In August 1989 I had just turned 17 and left home a few months earlier, when I went to my first festival. It wasn’t a huge festival and it was beautifully located by a lake in a beech forest. Duran Duran was to close the festival Sunday afternoon/evening. The American blues guitarist Walter Trout performed right before Duran Duran and I do not think he has ever performed to so many teen girls. He had a puzzled look on his face throughout the concert. The audience was fairly quiet and did not show Trout much love.
My friend and I were in the first or second row. The only thing between us and the stage was a line of bouncers.
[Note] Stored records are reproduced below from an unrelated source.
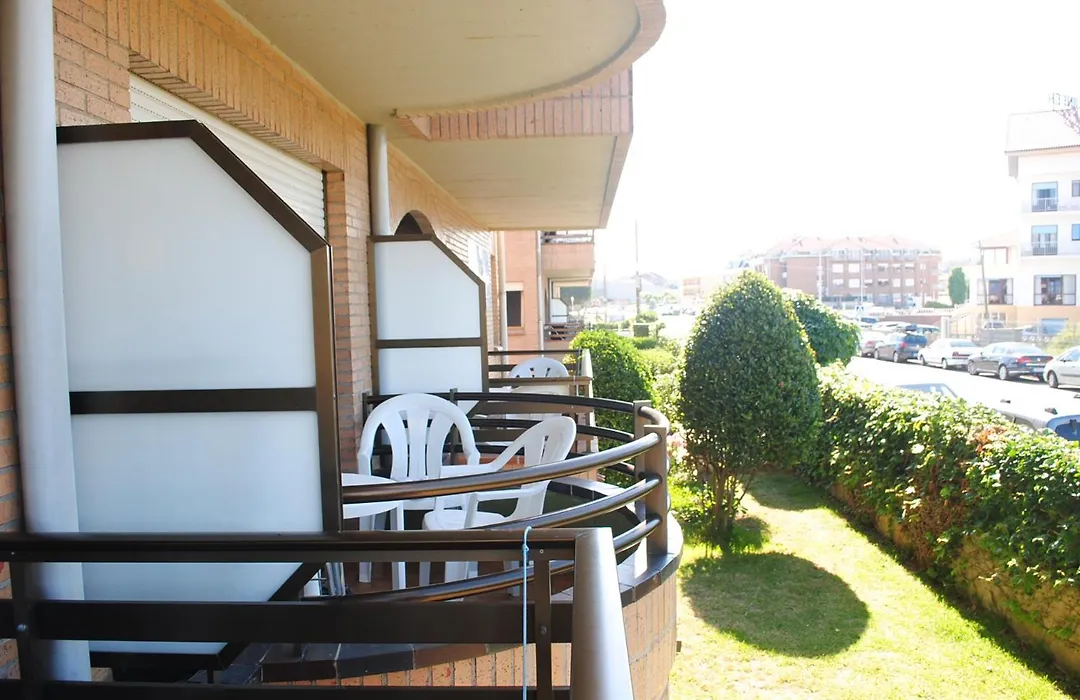 Apartamentos Suaces-1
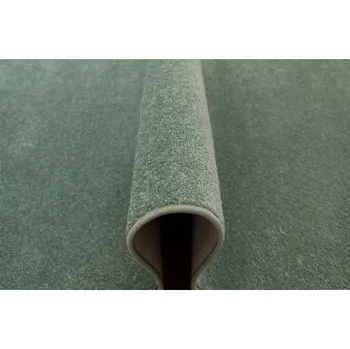 Koberec KOBEREC Z KOBERCOVÉHO MATERIÁLU MODERNÍ LAZUR NA FILCU DO OBÝVACÍHO POKOJE GALAXY 100x200 cm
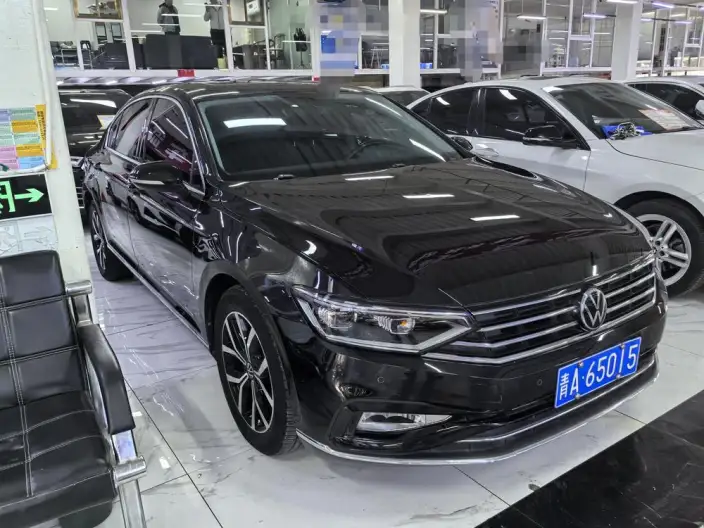 Volkswagen Magotan 2020 Model 330TSI DSG Leading Model – фото 3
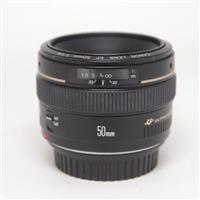 Used Canon EF 50mm f/1.4 USM Standard Lens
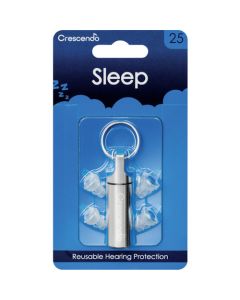 Filtered Ear Plugs  ชุดละ 2 อัน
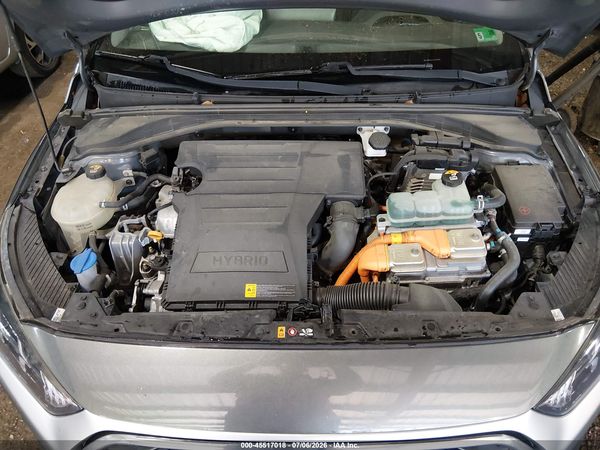 2020 HYUNDAI IONIQ HYBRID SEL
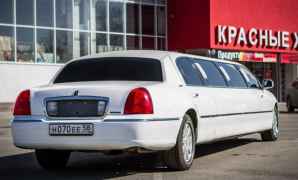 Lincoln Town Car, 2003 Lincoln Town Car, 2003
I remember a Dutch girl who spent time chatting with one of the band’s roadies and I was in total awe of her boldness to do so and the fact that she knew them and they knew her.
I do not remember much of the actual concert but I remember Simon, John and Warren doing a strange kind of dance forming a circle. In addition, I remember them playing three new songs. The show opener was the then unknown Venice Drowning. What a strange show opener considering they were mostly playing to non-fans! Later came Yo Bad Azizi which was amazing live. For me, it pointed the band in the direction of the 90’s where the band seemed to adopt a more defiant and reckless attitude. The last new one was My Family which I didn’t hear again until 2020 by which time it sounded very different from the song I remembered.
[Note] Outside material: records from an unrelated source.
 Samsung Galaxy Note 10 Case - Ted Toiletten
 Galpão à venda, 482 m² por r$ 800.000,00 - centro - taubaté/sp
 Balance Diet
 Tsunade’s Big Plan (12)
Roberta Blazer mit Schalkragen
What I do remember from this concert was my concern that Simon might not make it home to see Yasmin and the delivery of his first child. Beyond that, what sticks out the most was the contorted faces of the bouncers as they struggled throughout the concert to keep us at bay. This strange fan-bouncer dance twisted its way back and forth in front of the stage throughout the concert. Lots of things could have gone wrong. Nothing did go wrong. But I do believe the festival had underestimated the force of hundreds of eager teen fans and had taken little or no safety precautions. In hindsight this concert was special for me in that the band took chances compared to the first two shows I had attended in 1987 and 1988 which were more plain affairs. I mean – to play three unknown songs, none of which were hit material to people who had spent a long weekend partying and might be considering going home when Duran entered the stage. It was special because the whole audience, not just us in the front rows, were having a party.
As we left the festival, we talked about the new album and the coming tour. Little did I know that there would be no tour and that information about future tours would pass me by and I would not see Duran Duran live again for nine years.